Gag Gift Season
Thursday, January 13, 2011 at 9:00
Herr J in Just for Fun, gag gifts

OK, Christmas is over.  The season of giving is gone, but that means the end of some holiday stress too, so it's not all bad.  We usually want Christmas gifts to be heartfelt and thoughtful -- hence not knowing what to get someone, the ensuing procrastination, and eventual panic attack on Christmas Eve in the mall with 20,000 other shoppers.  Luckily, other holidays & occasions throughout the year (e.g., birthdays, office events) actually can be more fun for the giver... especially when involving gag gifts.  So now that we're in 2011 it's time to prepare some prank presents for your loved (hated?) ones this year!

 

You know that person who loves his/her cups o' joe, yet repeatedly claim "I'm addicted to coffee, I need to cut down"?  Riiight.  This is for them.

Empty, the toilet coffee cup has a charm of its own.  But fill it with a light brown liquid and it reaches a higher plane.

The 12-ounce size doesn't discourage consumption, but think of the "plop" sounds when sugar cubes are dropped in...

 

For your resident Twilight or Trublood freak, forget the movie posters.  Give 'em what they think they really want: a fake IV bag with drinkable "blood".  The seller says it's "energy drink" inside (vs. fruit punch flavored sugar water?).  But do we really want to give crazy Edward/Jacob fans more energy?  Why not put cherry Nyquill in there???
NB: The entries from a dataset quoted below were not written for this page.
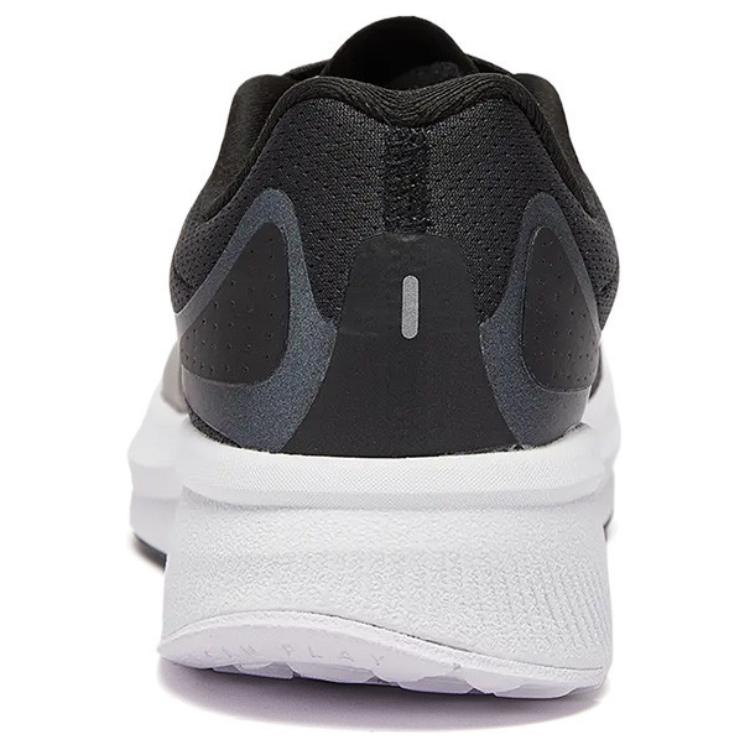 PEAK Fabric Slip Resistant Abrasion Resistant Low top Casual Running Shoes Women’s Black White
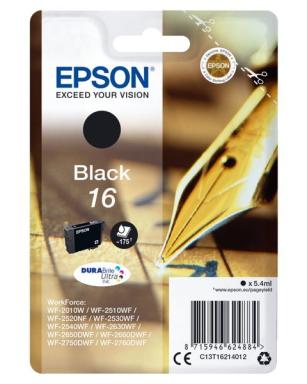 EPSON 16 Schwarz Tintenpatrone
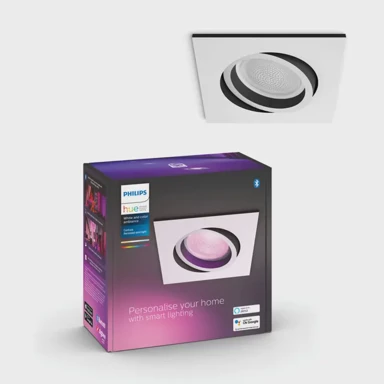 PHILIPS Centura hue ugradbena svjetiljka bijela 1x4.2w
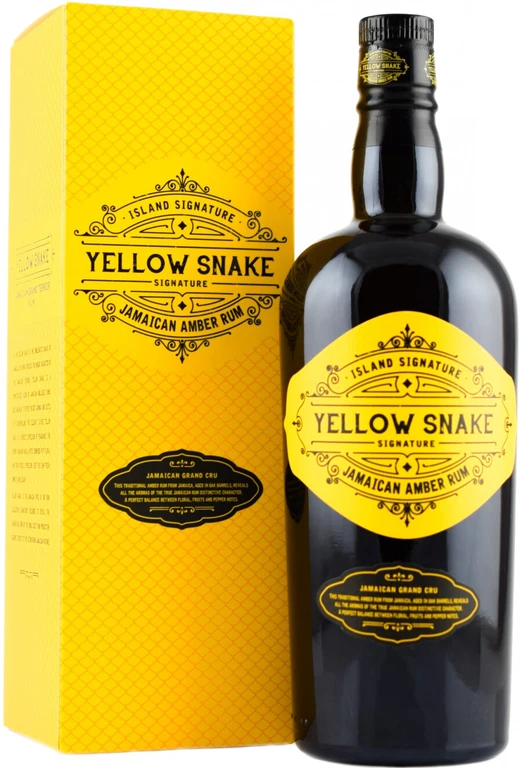 Yellow Snake Signature Jamaican Grand Cru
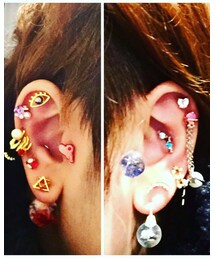 no brand | ピアス（片耳用）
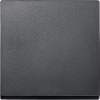 Schneider Electric Merten, System M, klawisz pojedynczy, antracytowy, MTN433114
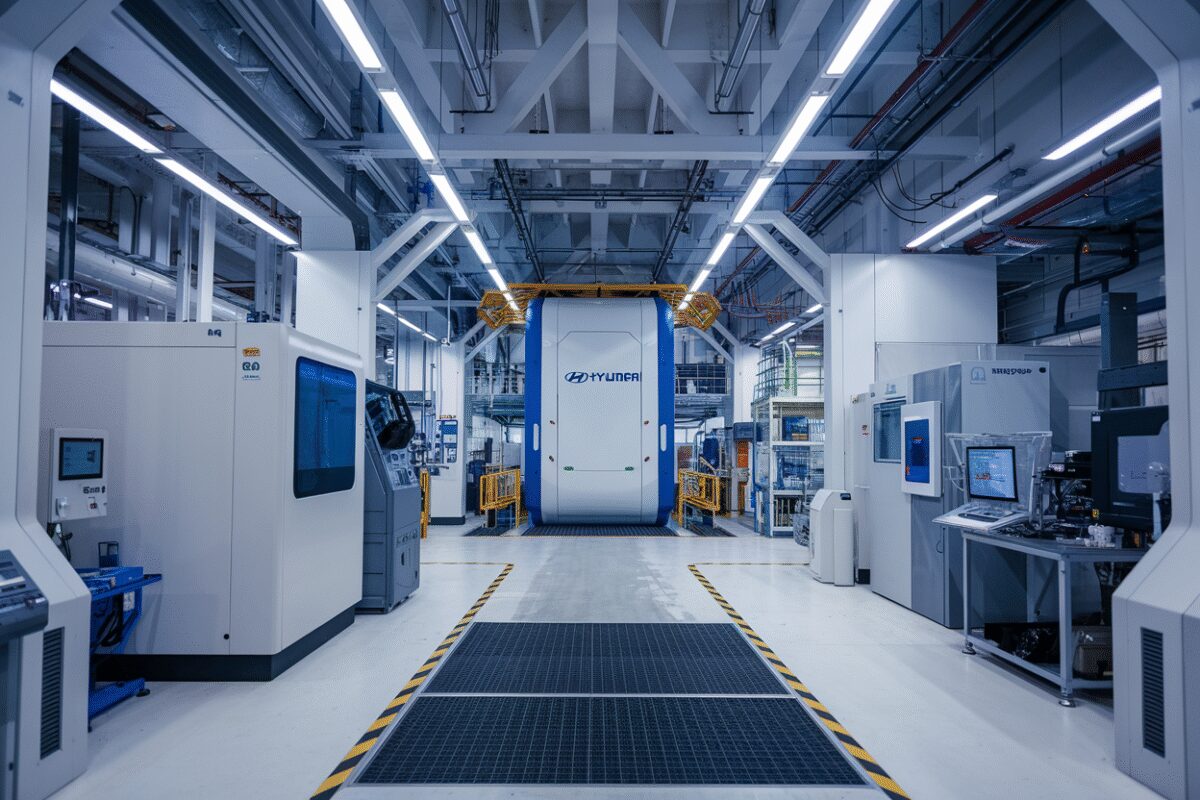 Hyundai accélère sa transition vers l'hydrogène avec l'ouverture d'une nouvelle usine révolutionnaire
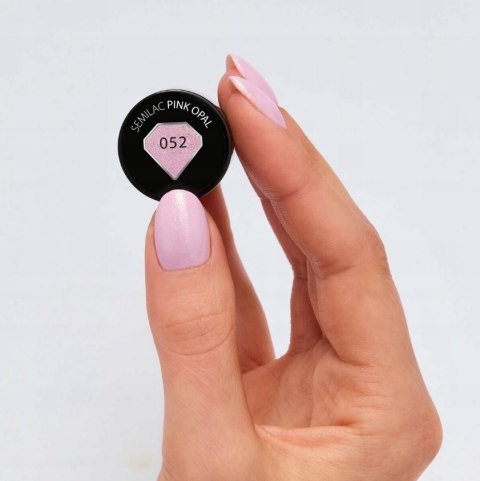 Semilac Lakier hybrydowy 052 Pink Opal 7 ml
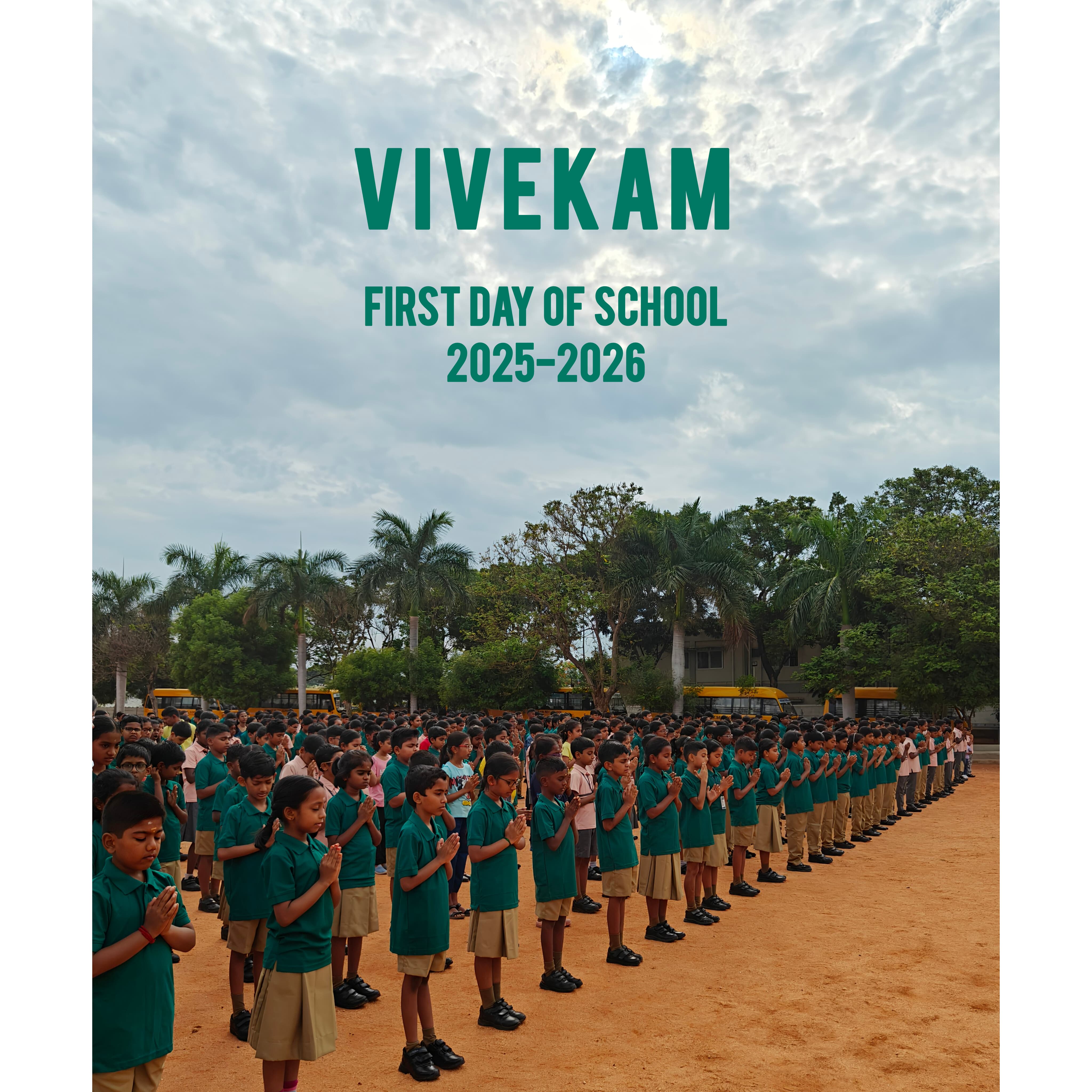 First Day of School 2025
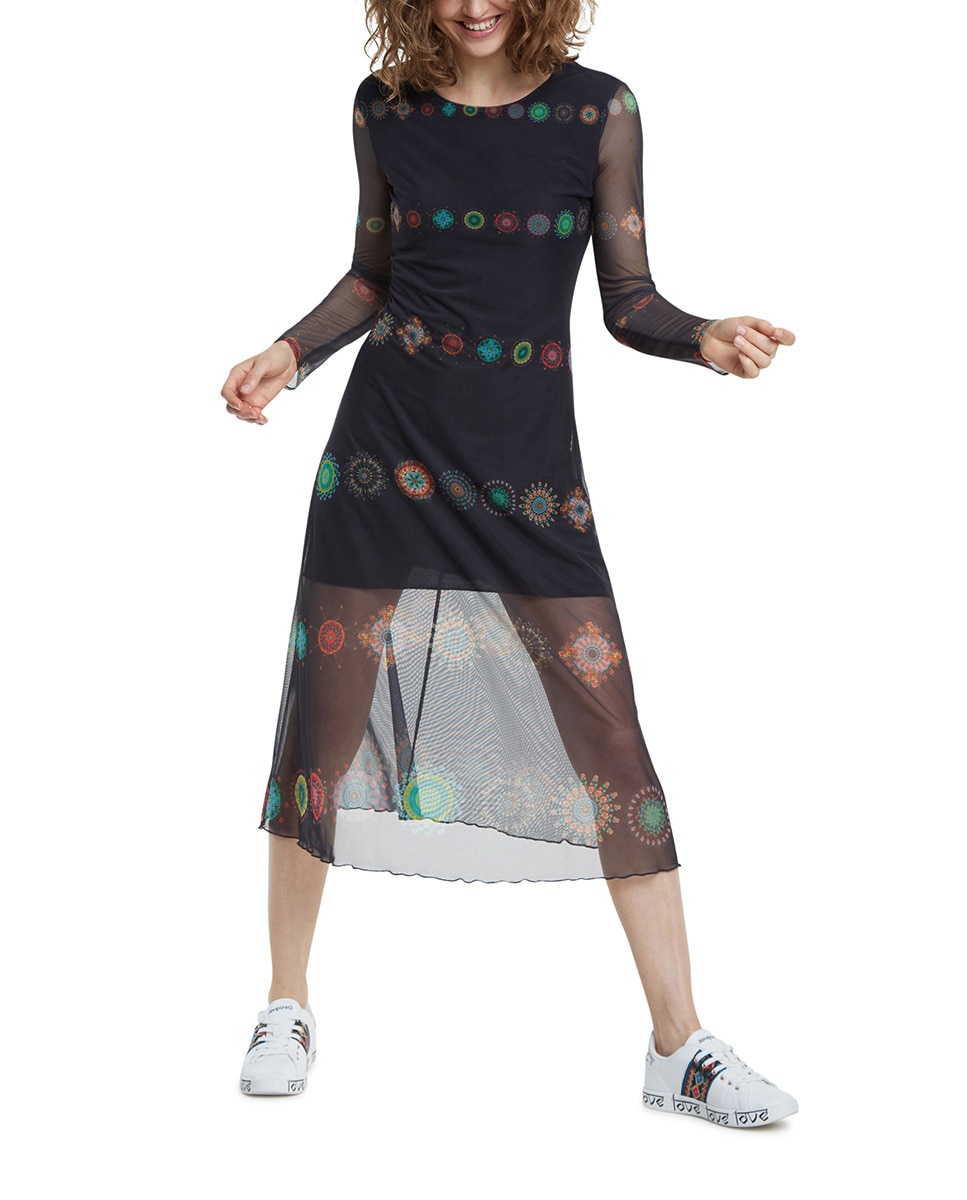 Imagen 0 de Vestido estampado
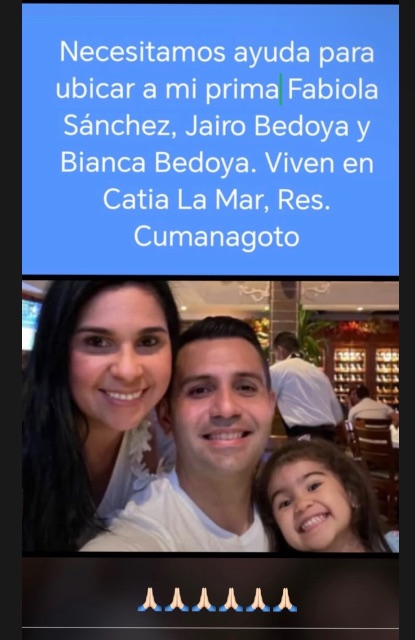 Fabiola Sánchez, Jairo Bedoya, Bianca Bedolla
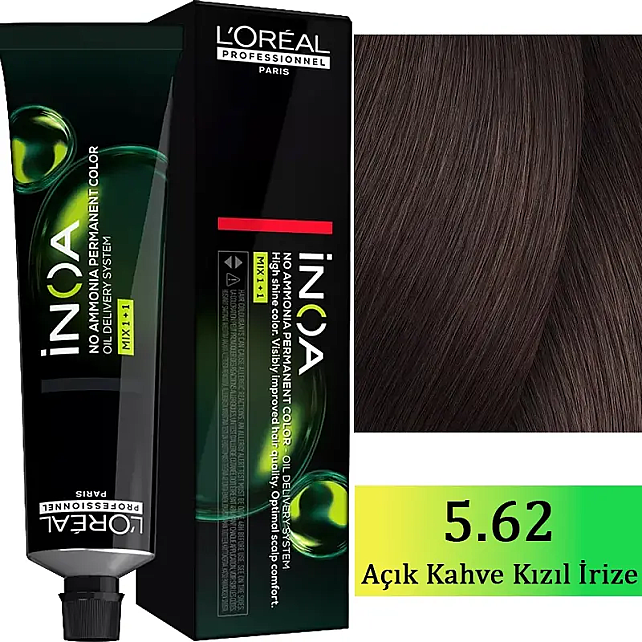 Loreal Inoa Amonyaksız Saç Boyası 5.62 60 gLoreal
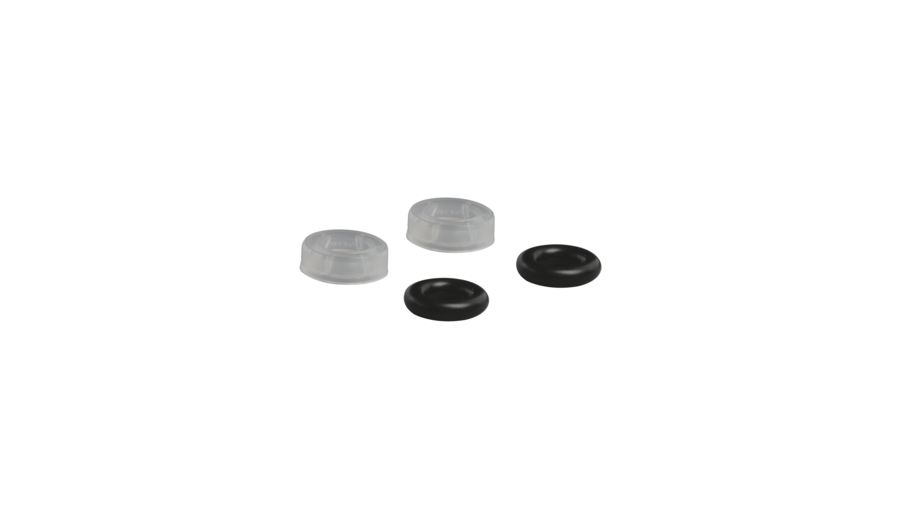 Bosch jeu de 2 joints toriques + 2 rondelles de pot à sel 00611913 pour lave-vaisselle bosch sn636x0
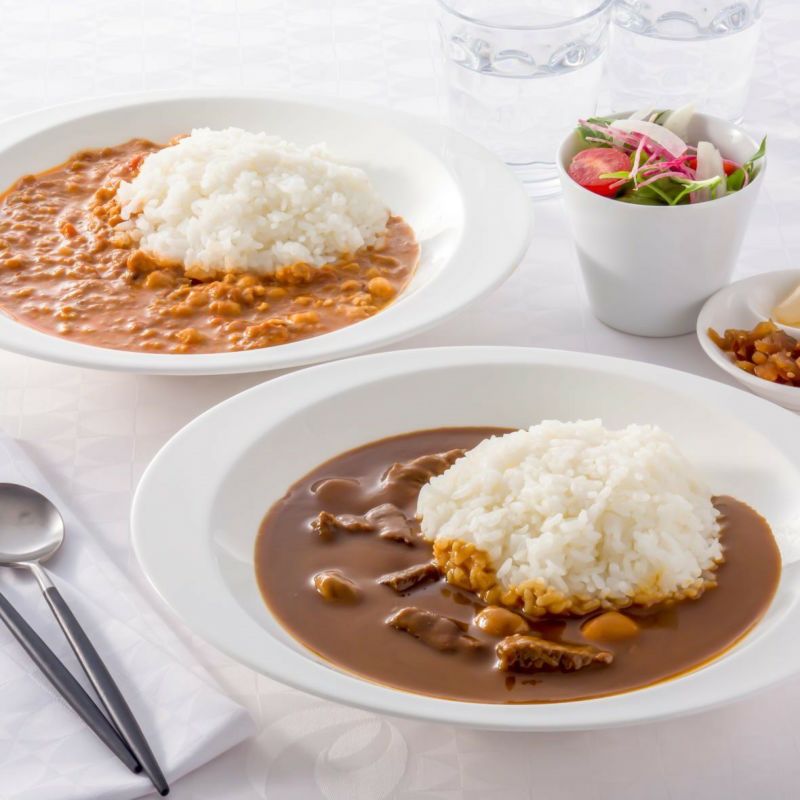 リーガロイヤルホテル　ビーフカレー　チキンキーマカレーセット　３箱 リーガロイヤルホテル ビーフカレー チキンキーマカレーセット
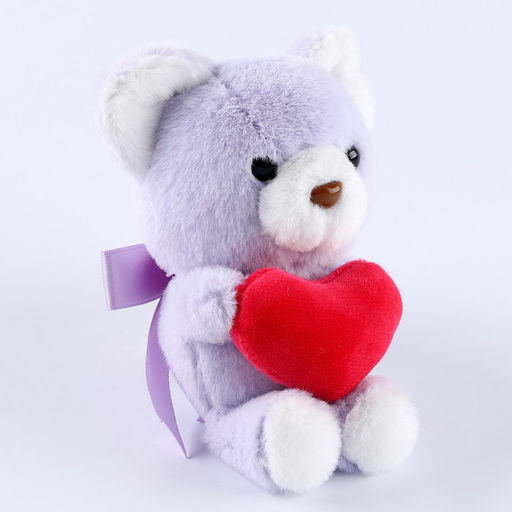 Цена за 6 шт. Мягкая игрушка в шоубоксе, мишка, микс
Heck, make the gift a full six-pack of fake Type B!  But watch the reaction very closely... your vampire wanna-be just might enjoy the experience a bit too much.  The seller says you can heat up the product to "enhance the experience"... that's a bit scary, huh?

 

So fake blood is passe?  Let's up the ante a bit.  Who wants a scorpion pop!  Yup, these treats contain an honest-to-goodness crunchy arachnid inside.  Every bit (technically) is fit for human consumption, and they come in assorted flavors and scorpion species!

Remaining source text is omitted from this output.